▶ _HOW TO COMPLETE THIS TASK_: Set down a true copy of the data, with all pictures left out.

▶ _DATASET SECTION_:
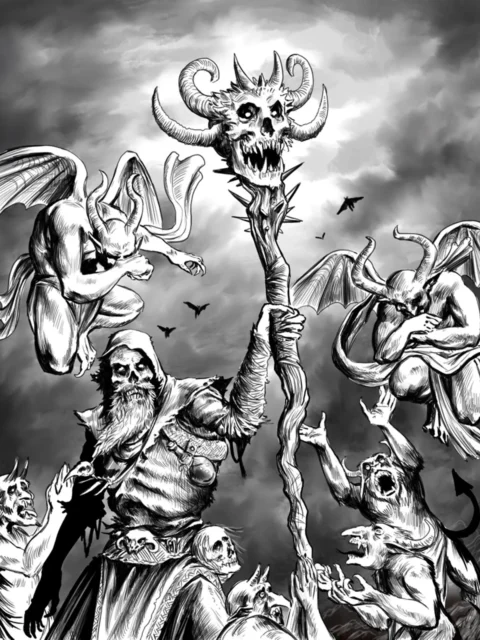 Skull Staff of Stelos fantasy canvas artwork ritual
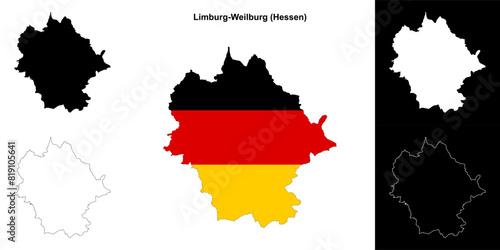 Limburg-Weilburg (Hessen) blank outline map set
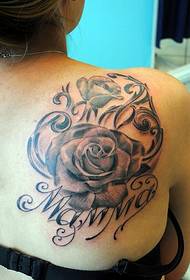female back beautiful black gray rose tattoo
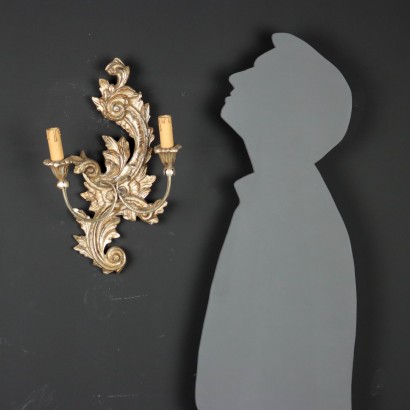 Paire d\'Appliques Style Rococo Métal Italie XX Siècle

▶ _RESULT OF THIS EXERCISE_:
 Skull Staff of Stelos fantasy canvas artwork ritual
 Limburg-Weilburg (Hessen) blank outline map set
female back beautiful black gray rose tattoo
 Paire d\'Appliques Style Rococo Métal Italie XX Siècle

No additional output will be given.